Monday, January 23, 2006

How much more Bush can we take?

President Clinton was impeached for lying about highly inappropriate personal behavior which had nothing to do with how he governed or protected our nation. Fast forward to today, when nearly three-quarters of Americans believe President Bush was “hiding something” or “mostly lying” about the evidence for weapons of mass destruction, and half of Americans believe he “intentionally misled” us into the war in Iraq (The New York Times/CBS News Poll 12/8/05).

That alone should be enough for the Congress to start asking some tough questions about possible deception by the Bush Administration.

Yet this high level of mistrust was before it was disclosed that President Bush secretly authorized the N.S.A. to conduct wiretaps of communications with Americans without court order. There is widespread belief, across the political spectrum, that this program may be illegal. At the very least, Bush has continued to lie to the American people about his conduct of the war on terror. How else to explain a remark he made in Buffalo, NY in 2004 that “a wiretap requires a court order”? That was made more than two years after he authorized the N.S.A. activity.

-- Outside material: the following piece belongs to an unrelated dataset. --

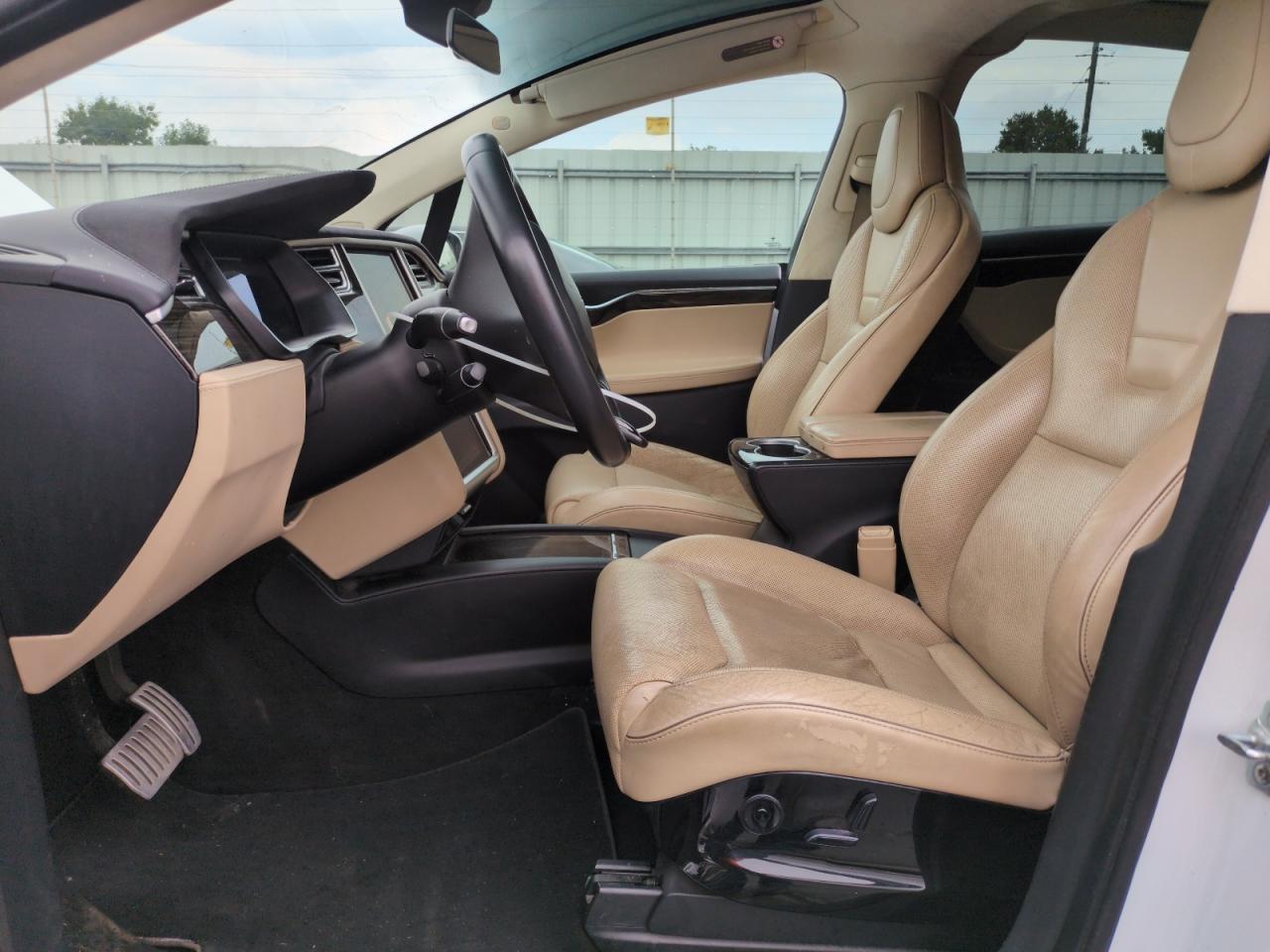 2016 Tesla Model X - Фото 7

If that doesn’t send a chill down your back, how about the repeated assertions by President Bush, Vice President Cheney and Secretary of Defense Rumsfeld that terrorism detainees are being treated “humanely” – despite case after case of abuse, torture and even death, many too gruesome to mention. The Bush administration claims that this is just the work of a few errant soldiers, yet the ACLU has obtained over 70,000 pages of government documents covering what surely is a much more pervasive problem, for which President Bush is holding no senior officials accountable. In one specific instance, the CIA inspector general found in 2004 that some aspects of his agency’s treatment of detainees might constitute cruel and inhuman treatment as defined by an international treaty to which the U.S. is a signatory.

While Secretary of State Condoleeza Rice was busy last December trying to convince Europeans that “the United States does not condone torture,” the Administration was doing all it could to keep the Congress from passing an amendment prohibiting torture. What does that tell you about the President’s commitment to human rights and the truth?

On these critical issues of national security and fundamental American values, it is time for Congress to aggressively and tirelessly work to uncover the facts about whether President Bush has lied and broken the law in prosecuting the war on terror.

Indeed, Congress should go a step further and appoint an independent counsel to conduct this inquiry. It tolerated a 10-year, $20 million Independent Counsel investigation of a Clinton cabinet secretary, Henry Cisneros, for lying about payments to his mistress. Surely it can find the wherewithal to investigate an Administration that is quite clearly taking enormous liberties with the truth, and perhaps more.